How can we do face recognition using Deepstream? Actually I want to do verification i.e. embedding matching and not classification. Is there any way to achieve this in Deepstream? I want to use Facenet and extract 128 embeddings from a face detected using webcam and compare with the 128 embeddings stored in the same folder to determine if it is the same person or not.

1 Like

Sorry! What do you mean “embeddings”?

When we use neural network we use convolutional layers+pooling layers and maybe batch normalisation layers. after these layers we flatten it and then put the classifier layers which are basically the dense layers. So if we want to do face verification, we only need the conv+pooling+batch norm layers which will extract the features of tensor shape (1,128) in case of facenet or (1, 2048) in case of VGGFace for example.

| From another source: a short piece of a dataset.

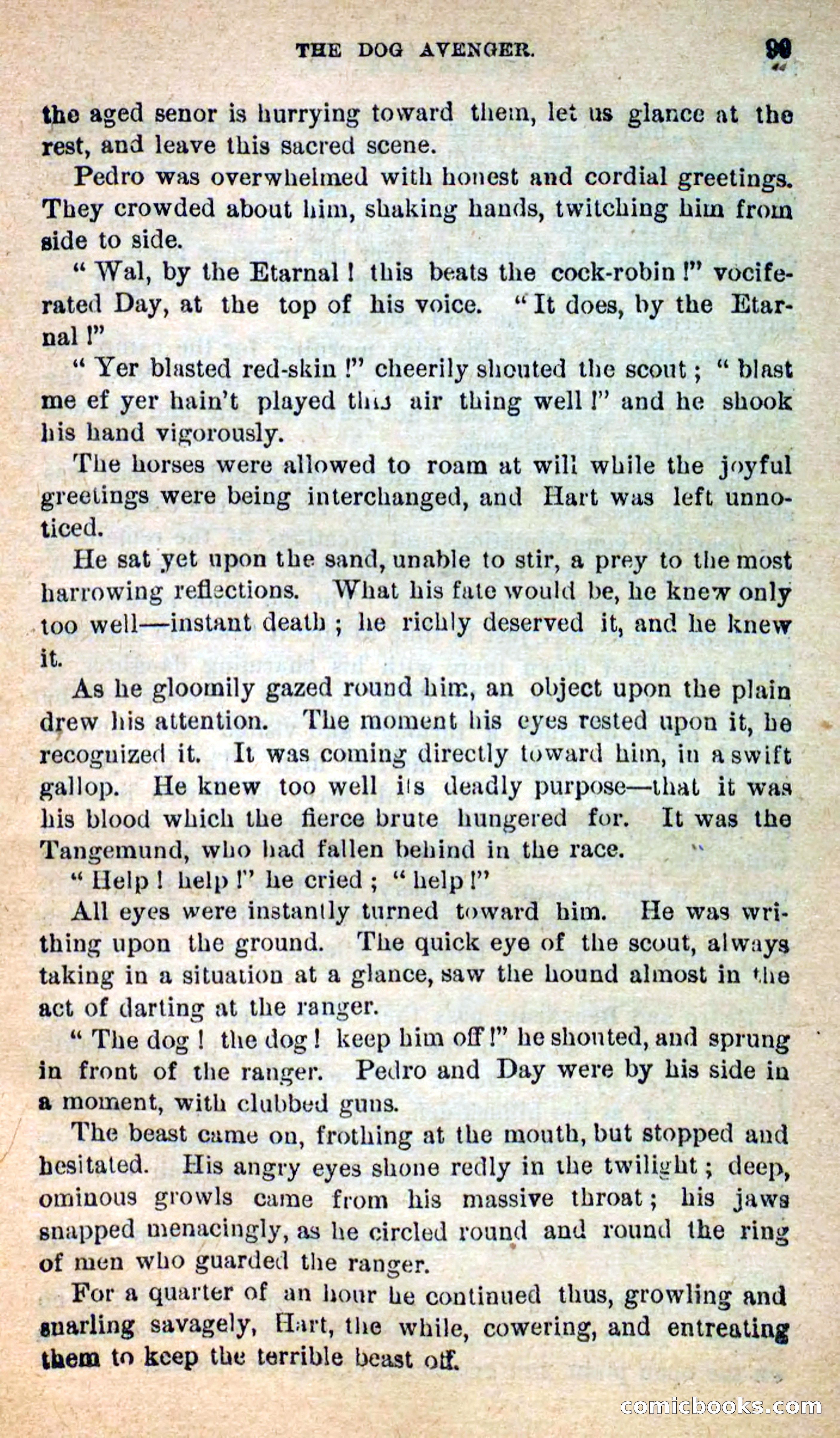 Beadle's New Dime Novels: The Dog Trailer — page 96 of 101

We do not need the flatten and dense layers for verification because we are not classifying. So embeddings are these features that were extracted from the architecture without the flatten and dense layers. Is there a way to get these in Deepstream?

@preronamajumder

Do you mean you want to analyse raw tensor outputs from conv+pooling+bn in your own ways (non conventional processing that is different from flatten+fully_connected+softmax)?

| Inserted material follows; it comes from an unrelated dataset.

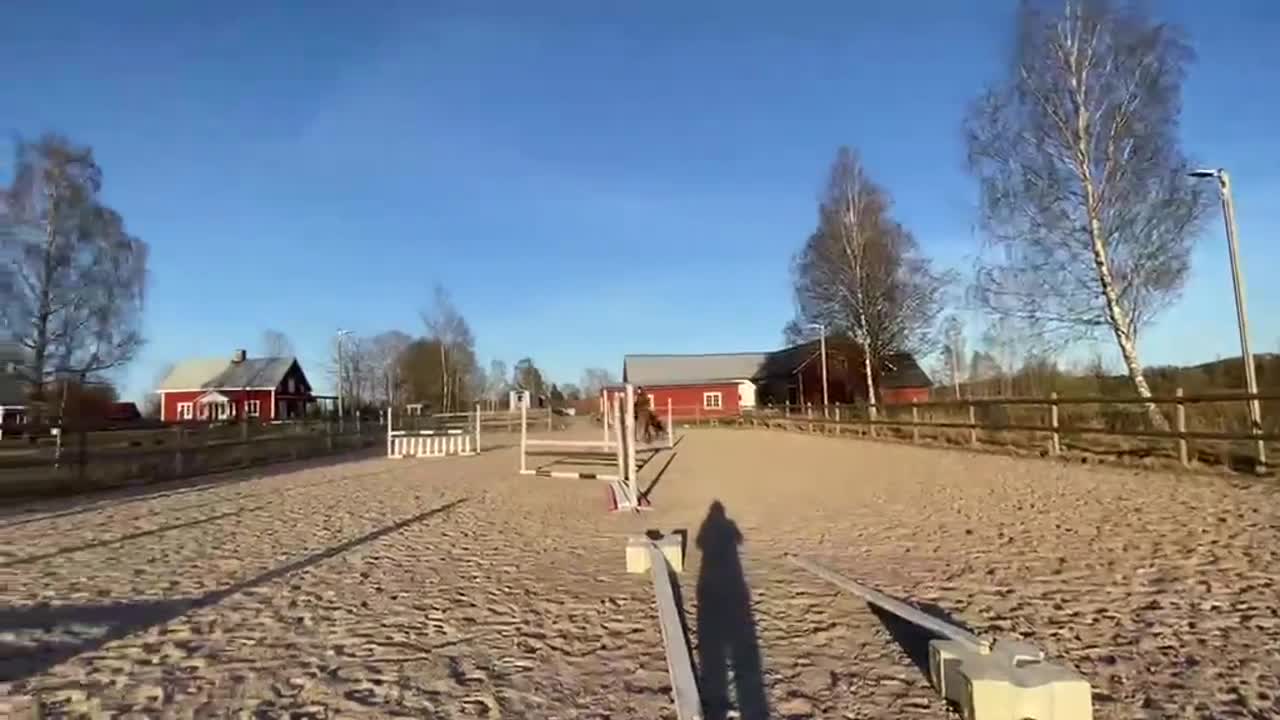 Dressyr hästar till salu: Lyxig hobbyhäst - Video 3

Yes that is correct. Since I only need to verify if the person in front of the camera is the person we are looking for, I do not need a classifier. Just the raw tensor outputs like you mentioned.

@preronamajumder

I think you have to implement your own parse function to handle network outputs.

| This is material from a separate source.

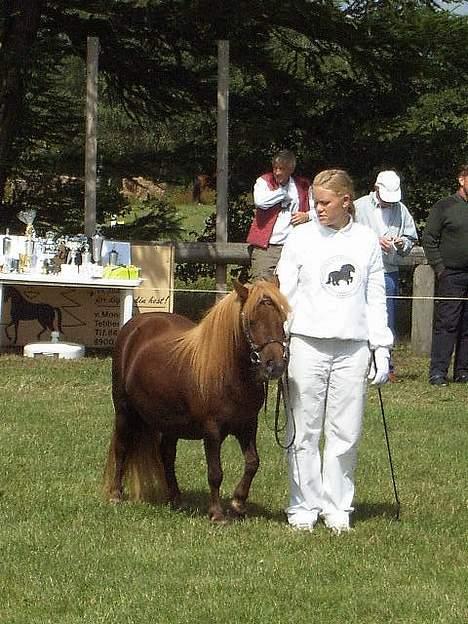 Shetlænder Naomi V. Schillig - til kåring billede 17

You can find this piece of code (this piece of code is from DeepStream 5.0, but I think DeepStream 4.0 should be similar)

    /* Call custom parsing function if specified otherwise use the one
     * written along with this implementation. */
    if (m_CustomClassifierParseFunc)
    {
        if (!m_CustomClassifierParseFunc(outputLayers, m_NetworkInfo,
                m_ClassifierThreshold, attributes, attrString))
        {
            printError("Failed to parse classification attributes using "
                    "custom parse function");
            return NVDSINFER_CUSTOM_LIB_FAILED;
        }
    }
    else
    {
        if (!parseAttributesFromSoftmaxLayers(outputLayers, m_NetworkInfo,
                m_ClassifierThreshold, attributes, attrString))
        {
            printError("Failed to parse bboxes");
            return NVDSINFER_OUTPUT_PARSING_FAILED;
        }
    }

This piece of code indicates that you can implement a customized classifier parse function of your own.
And then you have to add following configurations to [property] like this so that DeepStream will call your customized parse function:

parse-classifier-func-name=name_of_your_own_customized_parse_function
custom-lib-path=dir_to_your_own_cpp_library/your_own_cpp_library.so

And your customized function would be like this (This is for DeepStream 5.0, I am not sure 4.0 is the same)

extern "C" bool
name_of_your_own_customized_parse_function(
    std::vector<NvDsInferLayerInfo> const& outputLayersInfo,
    NvDsInferNetworkInfo const& networkInfo, float classifierThreshold,
    std::vector<NvDsInferAttribute>& attrList, std::string& attrString)
{
    // TODO: Add your own parse logics here
    return true;
}

There are examples of customized parse functions here (The only difference is that they customize bbox parsing functions for detection networks):

objectDetector_FasterRCNN
objectDetector_SSD
objectDetector_Yolo

Okay. I got the idea behind how to do it. Just have to do it now. Thank you so much. I have shifted to Deepstream 5.0 now. But I still need to do this. Thank you again.

@preronamajumder were you able to figure this out or implement it? I have very similar use case to yours. It would be great to know how this was achieved.

I did write a parser function but I was unable to compile it successfully. I was getting Unidentified symbol with Cudastream while creating shared library. So I gave up on this. But there is a Git Repo for facenet implementation. Only issue with that is that it does not give same values as the actual facenet by David Sandberg. Probably related to preprocessing.